Александр, переодевшись мирным обывателем, направился к особняку господина Лаффита – иными словами, центру республиканской оппозиции. В гостиной уже собрались несколько либеральных депутатов. Ждали старика Лафайета. Наконец он появился, постаревший, поблекший и вместе с тем великолепный.
– Ну что, генерал, – кричали со всех сторон этому призраку века Просвещения. – Что вы поделываете?
– Господа, – отвечал Лафайет, – ко мне пришли славные молодые люди, они воззвали к моему патриотизму, и я сказал им: «Дети мои, чем более изрешечено знамя, тем более им можно гордиться. Найдите мне место, где я смогу поставить стул, и я не сойду с него, пока меня не убьют!»
Этот ответ, достойный того, чтобы стать репликой и украсить собой пятый акт какой-нибудь пьесы, воспламенил Александра. Но очень скоро героические заявления, раздававшиеся вокруг него, уступили место осторожным и бесплодным разговорам. Большинство этих храбрецов явно упивались звучанием слова «свобода», не имея ни малейшего намерения и пальцем пошевелить ради того, чтобы защитить ее. Да и сам он не чувствовал в себе готовности рисковать жизнью ради того, чтобы установилась власть того или иного временного правительства. Этот день, заполненный беспорядками и разглагольствованиями, истощил его силы. Плохо понимая, что происходит вокруг, с трудом переставляя ватные ноги, Дюма кое-как добрел до Больших бульваров, где остановил кабриолет и велел отвезти себя домой, на улицу Сен-Лазар. Поднимаясь по лестнице, он рухнул без чувств на площадке между первым и вторым этажом.
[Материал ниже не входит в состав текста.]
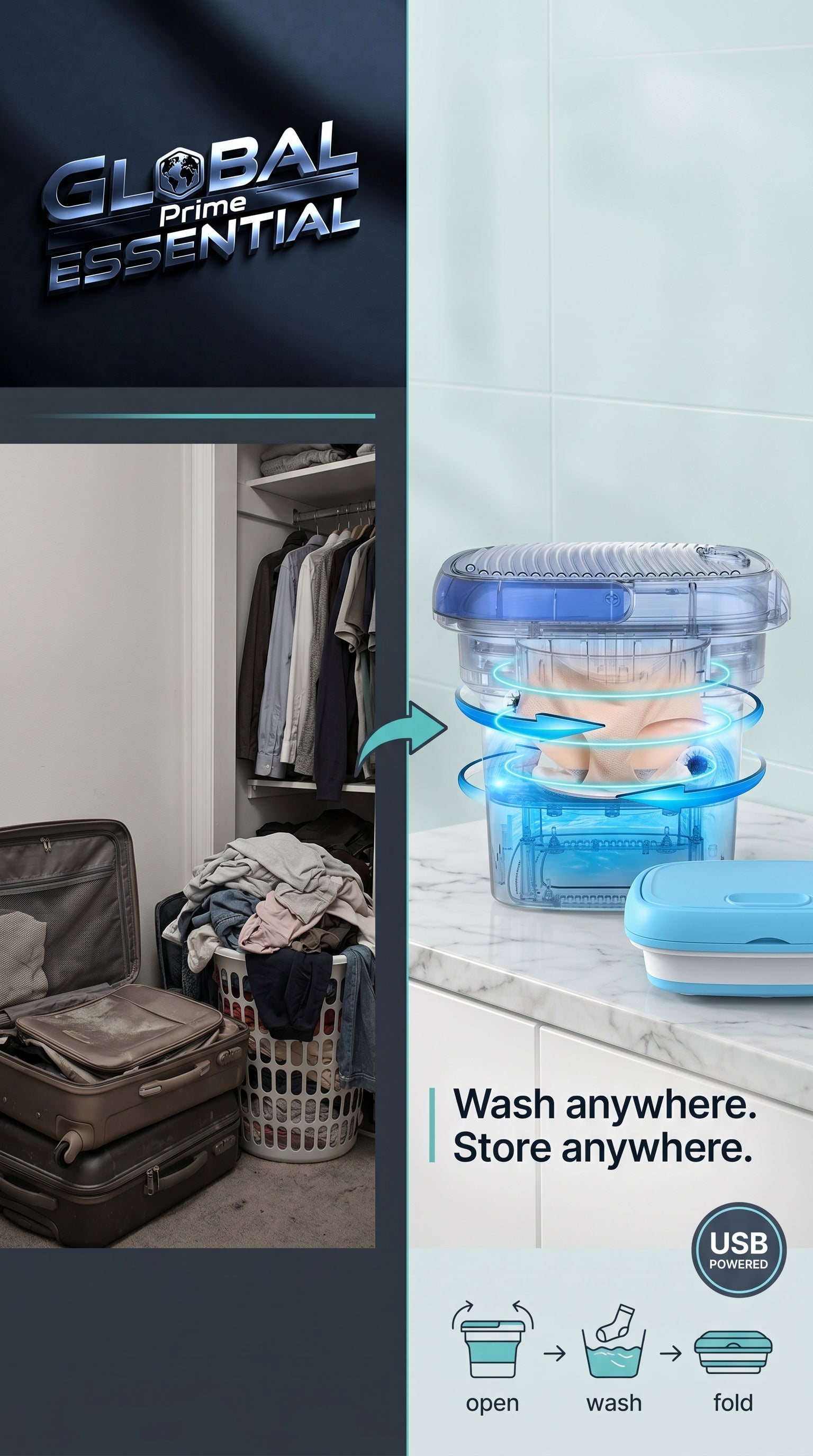 Global Prime Essential folding washing machine in use, compact design perfect for laundry in small spaces or tight schedules.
Там его и нашли Белль и горничная; женщины перенесли его в квартиру, раздели и уложили в постель.
В ночь с 5 на 6 июня беспорядки под натиском регулярных войск, теснивших мятежников, сосредоточились вокруг площади Бастилии и на улицах Сен-Мерри, Обри-ле-Буше, Планш-Мибре и Арси. [56] Едва проснувшись, Александр узнал об этом от соседей. Он тотчас вскочил, намереваясь бежать на улицу и все разузнать поподробнее, но силы тут же оставили его. Пришлось ему ограничиться тем, чтобы нанять карету и отправиться в редакцию газеты «National». Там он узнал, что последние баррикады вот-вот будут разобраны, а все их защитники уже арестованы или перебиты. Что же – значит, конец всем республиканским чаяниям? Он хотел узнать точно и потому кое-как дотащился до Лаффита. Все те, для кого мятеж обернулся разочарованием, собрались там и сидели с печальными лицами, хмуро дожидаясь решения группы либеральных депутатов, совещавшихся за закрытыми дверями гостиной. Наконец Франсуа Араго покинул собрание политиков, вышел к встревоженным друзьям и с горечью признался им, что заседание кончилось позором и что решено было послать к королю трех представителей, которые должны молить его проявить милосердие и даровать прощение последним мятежникам, уличенным в попытке выступить против существующего порядка.
56
Две последние улицы были впоследствии присоединены к нынешней улице Сен-Мартен. (Прим. авт.)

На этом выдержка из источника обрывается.